[[ Data records, beginning ]]
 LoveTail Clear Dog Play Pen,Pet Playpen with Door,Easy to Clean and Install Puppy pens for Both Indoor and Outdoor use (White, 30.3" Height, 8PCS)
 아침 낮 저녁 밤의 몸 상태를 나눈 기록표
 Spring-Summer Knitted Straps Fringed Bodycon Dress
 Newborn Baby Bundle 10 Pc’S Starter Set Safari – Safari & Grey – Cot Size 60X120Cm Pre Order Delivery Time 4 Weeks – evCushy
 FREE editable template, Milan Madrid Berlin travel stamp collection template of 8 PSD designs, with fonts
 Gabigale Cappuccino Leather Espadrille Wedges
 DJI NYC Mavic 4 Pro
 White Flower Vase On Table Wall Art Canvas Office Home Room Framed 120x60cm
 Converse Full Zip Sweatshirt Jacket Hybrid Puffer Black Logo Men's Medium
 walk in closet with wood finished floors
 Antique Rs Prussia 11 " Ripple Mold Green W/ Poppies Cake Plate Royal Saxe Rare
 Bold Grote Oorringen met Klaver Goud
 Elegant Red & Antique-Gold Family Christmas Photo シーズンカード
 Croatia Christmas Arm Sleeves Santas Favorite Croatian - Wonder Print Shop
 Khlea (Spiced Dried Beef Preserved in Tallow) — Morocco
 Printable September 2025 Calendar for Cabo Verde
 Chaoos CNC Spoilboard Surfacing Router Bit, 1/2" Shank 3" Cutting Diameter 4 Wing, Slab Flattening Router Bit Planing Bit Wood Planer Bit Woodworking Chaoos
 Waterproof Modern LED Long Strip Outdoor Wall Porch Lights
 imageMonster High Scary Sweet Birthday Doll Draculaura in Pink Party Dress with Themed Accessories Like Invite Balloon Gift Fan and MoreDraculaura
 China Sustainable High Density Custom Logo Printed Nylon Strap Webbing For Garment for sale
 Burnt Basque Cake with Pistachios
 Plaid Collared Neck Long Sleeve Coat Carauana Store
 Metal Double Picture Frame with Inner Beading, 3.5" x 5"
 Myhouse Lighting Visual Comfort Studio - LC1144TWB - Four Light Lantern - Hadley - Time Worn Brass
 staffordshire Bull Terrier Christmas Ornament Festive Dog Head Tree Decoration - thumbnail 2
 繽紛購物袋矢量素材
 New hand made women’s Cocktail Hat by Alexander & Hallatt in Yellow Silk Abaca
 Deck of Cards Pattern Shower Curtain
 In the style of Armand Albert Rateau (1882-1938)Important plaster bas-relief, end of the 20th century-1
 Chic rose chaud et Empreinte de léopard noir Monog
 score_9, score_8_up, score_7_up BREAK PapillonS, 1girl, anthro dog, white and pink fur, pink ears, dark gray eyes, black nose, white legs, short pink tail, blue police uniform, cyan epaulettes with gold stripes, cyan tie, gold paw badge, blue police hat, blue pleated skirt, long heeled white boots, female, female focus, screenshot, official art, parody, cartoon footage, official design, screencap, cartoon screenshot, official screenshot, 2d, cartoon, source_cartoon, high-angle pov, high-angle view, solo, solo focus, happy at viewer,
[[ Data records, end ]]
Problem details
So that nothing is lost, transcribe each entry exactly as written.

Answer space
 LoveTail Clear Dog Play Pen,Pet Playpen with Door,Easy to Clean and Install Puppy pens for Both Indoor and Outdoor use (White, 30.3" Height, 8PCS)
 아침 낮 저녁 밤의 몸 상태를 나눈 기록표
 Spring-Summer Knitted Straps Fringed Bodycon Dress
 Newborn Baby Bundle 10 Pc’S Starter Set Safari – Safari & Grey – Cot Size 60X120Cm Pre Order Delivery Time 4 Weeks – evCushy
 FREE editable template, Milan Madrid Berlin travel stamp collection template of 8 PSD designs, with fonts
 Gabigale Cappuccino Leather Espadrille Wedges
 DJI NYC Mavic 4 Pro
 White Flower Vase On Table Wall Art Canvas Office Home Room Framed 120x60cm
 Converse Full Zip Sweatshirt Jacket Hybrid Puffer Black Logo Men's Medium
 walk in closet with wood finished floors
 Antique Rs Prussia 11 " Ripple Mold Green W/ Poppies Cake Plate Royal Saxe Rare
 Bold Grote Oorringen met Klaver Goud
 Elegant Red & Antique-Gold Family Christmas Photo シーズンカード
 Croatia Christmas Arm Sleeves Santas Favorite Croatian - Wonder Print Shop
 Khlea (Spiced Dried Beef Preserved in Tallow) — Morocco
 Printable September 2025 Calendar for Cabo Verde
 Chaoos CNC Spoilboard Surfacing Router Bit, 1/2" Shank 3" Cutting Diameter 4 Wing, Slab Flattening Router Bit Planing Bit Wood Planer Bit Woodworking Chaoos
 Waterproof Modern LED Long Strip Outdoor Wall Porch Lights
 imageMonster High Scary Sweet Birthday Doll Draculaura in Pink Party Dress with Themed Accessories Like Invite Balloon Gift Fan and MoreDraculaura
 China Sustainable High Density Custom Logo Printed Nylon Strap Webbing For Garment for sale
 Burnt Basque Cake with Pistachios
 Plaid Collared Neck Long Sleeve Coat Carauana Store
 Metal Double Picture Frame with Inner Beading, 3.5" x 5"
 Myhouse Lighting Visual Comfort Studio - LC1144TWB - Four Light Lantern - Hadley - Time Worn Brass
 staffordshire Bull Terrier Christmas Ornament Festive Dog Head Tree Decoration - thumbnail 2
 繽紛購物袋矢量素材
 New hand made women’s Cocktail Hat by Alexander & Hallatt in Yellow Silk Abaca
 Deck of Cards Pattern Shower Curtain
 In the style of Armand Albert Rateau (1882-1938)Important plaster bas-relief, end of the 20th century-1
 Chic rose chaud et Empreinte de léopard noir Monog
 score_9, score_8_up, score_7_up BREAK PapillonS, 1girl, anthro dog, white and pink fur, pink ears, dark gray eyes, black nose, white legs, short pink tail, blue police uniform, cyan epaulettes with gold stripes, cyan tie, gold paw badge, blue police hat, blue pleated skirt, long heeled white boots, female, female focus, screenshot, official art, parody, cartoon footage, official design, screencap, cartoon screenshot, official screenshot, 2d, cartoon, source_cartoon, high-angle pov, high-angle view, solo, solo focus, happy at viewer,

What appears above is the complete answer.